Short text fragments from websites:
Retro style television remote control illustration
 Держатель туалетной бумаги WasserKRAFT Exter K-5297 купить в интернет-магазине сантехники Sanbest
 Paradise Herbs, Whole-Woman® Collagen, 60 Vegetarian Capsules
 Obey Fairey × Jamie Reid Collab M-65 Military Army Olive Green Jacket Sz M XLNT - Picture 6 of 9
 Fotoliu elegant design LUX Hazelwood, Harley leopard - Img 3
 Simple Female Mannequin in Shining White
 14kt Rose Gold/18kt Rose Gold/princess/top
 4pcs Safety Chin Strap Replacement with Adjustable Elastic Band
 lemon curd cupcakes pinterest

§ Your goal: Word for word, restate the lines above from the line containing "Держатель туалетной бумаги" through the line containing "4pcs Safety Chin", with both included and nothing else.

§ Reply to the exercise:
 Держатель туалетной бумаги WasserKRAFT Exter K-5297 купить в интернет-магазине сантехники Sanbest
 Paradise Herbs, Whole-Woman® Collagen, 60 Vegetarian Capsules
 Obey Fairey × Jamie Reid Collab M-65 Military Army Olive Green Jacket Sz M XLNT - Picture 6 of 9
 Fotoliu elegant design LUX Hazelwood, Harley leopard - Img 3
 Simple Female Mannequin in Shining White
 14kt Rose Gold/18kt Rose Gold/princess/top
 4pcs Safety Chin Strap Replacement with Adjustable Elastic Band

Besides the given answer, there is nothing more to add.